Elegant lightbox: LuMi's glass walls overlook Pyrmont Bay.
Elegant lightbox: LuMi's glass walls overlook Pyrmont Bay.Christopher Pearce

Good Food hatGood Food hat16/20

Italian$$

Thirty-two, 20, 30, 20, 34. Add up the ages of the core kitchen team at Pyrmont's impressive new modern Italian, and you reach a grand total of 136. Average age, 27.2. On the floor, there's nobody over 30. That's par for the course these days, but still, there's something special going on in this glowing, glass-walled lightbox perched on the waters of Pyrmont Bay next to Sydney Wharf.

Because these aren't young amateurs, they're young professionals. At 34, Federico Zanellato is the driving force behind LuMi, a joint venture with the Drakopoulos family of Sydney Restaurant Group. Zanellato spent time at Copenhagen's Noma and Melbourne's Attica before head-cheffing at Ormeggio at the Spit for Alessandro Pavoni, so it's no surprise LuMi is the picture of this-very-minute dining.

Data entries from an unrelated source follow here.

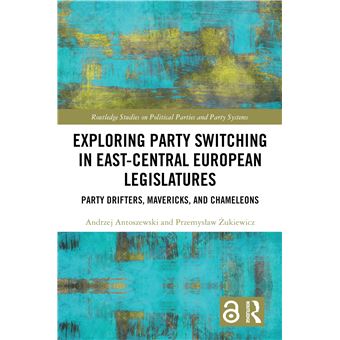 Exploring Party Switching in East-Central European Legislatures (Routledge Studies on Political Parties and Party Systems) - 1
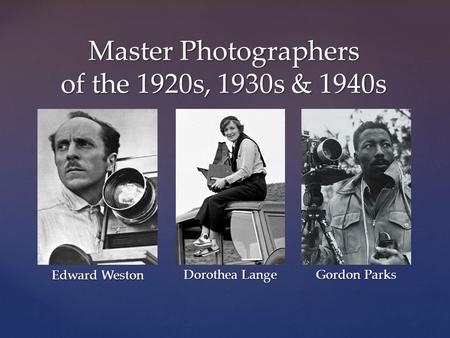 Master Photographers of the 1920s, 1930s & 1940s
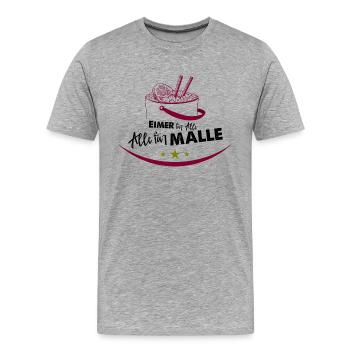 Eimer für Malle, Alle für Malle - Männer Premium Bio T-Shirt - Grau meliert - Vorne - Damien (186cm)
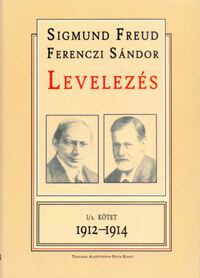 S.-Ferenczi S. Freud: Levelezés I/2. kötet 1912-1914 -  (Könyv)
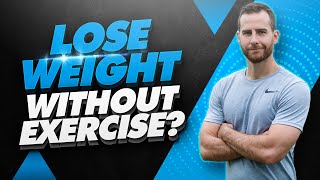 Can You Lose Weight Without Exercise?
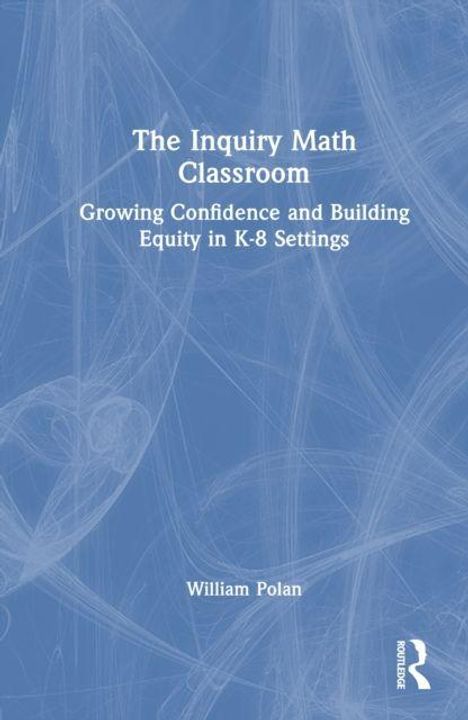 "The Inquiry Math Classroom: Growing Confidence and Building Equity in K-8 Settings. William Polan." Blaues abstraktes Muster.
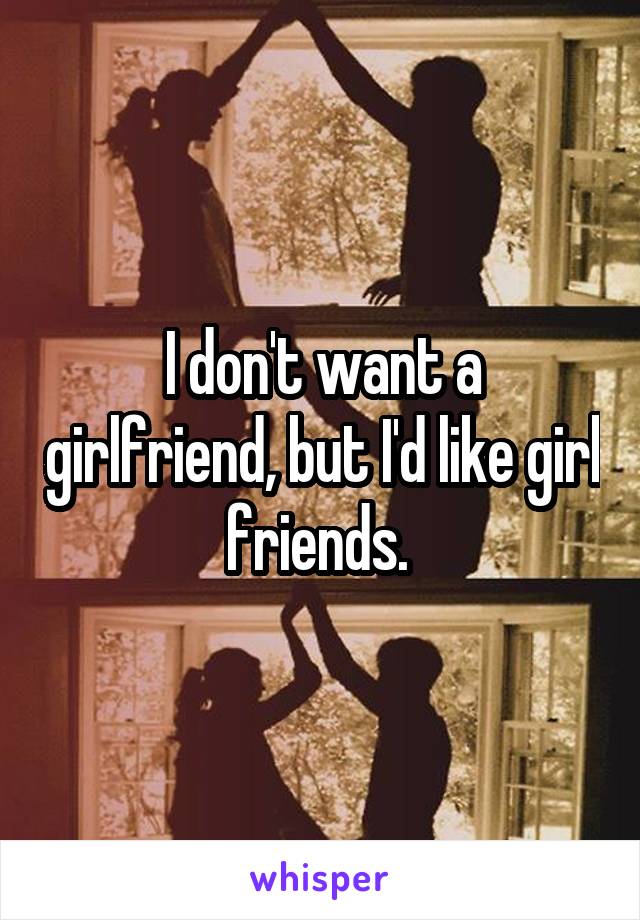 I don't want a girlfriend, but I'd like girl friends. 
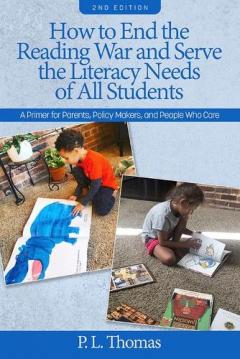 How to End the Reading War and Serve the Literacy Needs of All Students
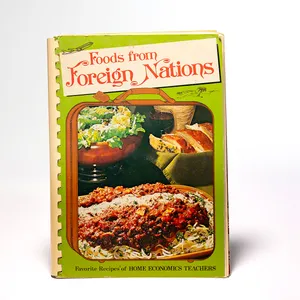 Vintage spiral cook book - Food From Foreign Nations - 9.75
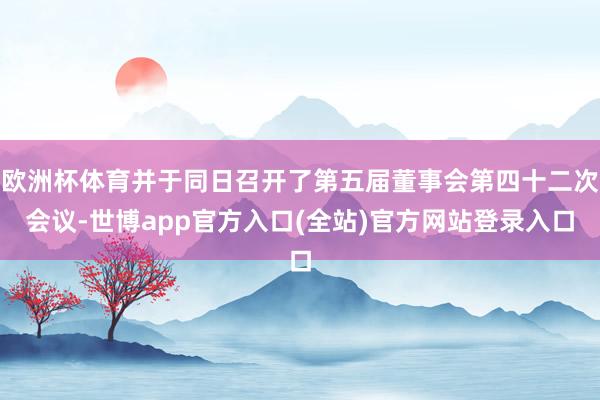 欧洲杯体育并于同日召开了第五届董事会第四十二次会议-世博app官方入口(全站)官方网站登录入口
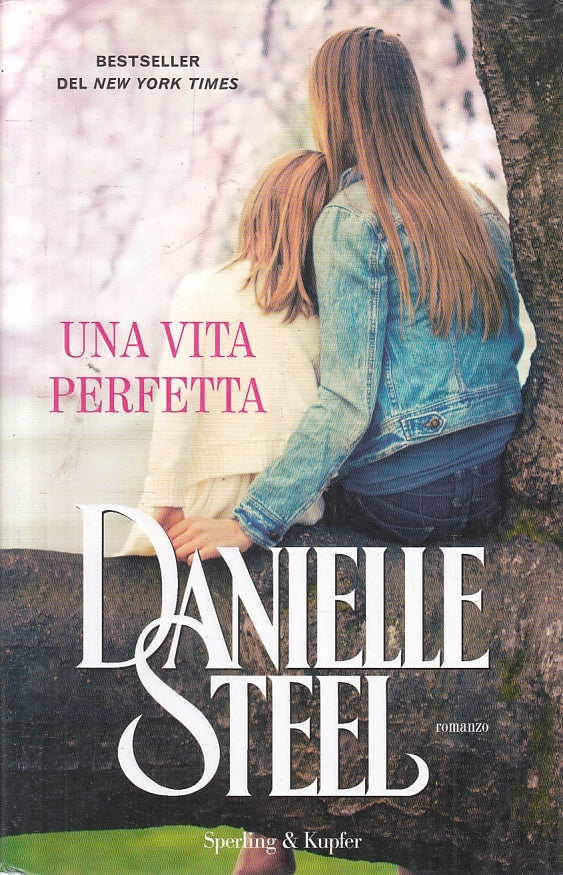 LN2- UNA VITA PERFETTA - DANIELLE STEEL - SPERLING - CS - JXS140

That means a completely on-view kitchen; chefs delivering food to the bare and beautiful Danish-inspired wooden tables; glass terrariums that bring nature indoors; and roughly textured earthenware pottery instead of white porcelain. Cocktails play with freshly pressed celery juice and rhubarb, and the eight-course degustation menu flows like a tidal wave of global flavour notes: smoke, vinegar, miso, pistachio, fennel pollen, puffed grains.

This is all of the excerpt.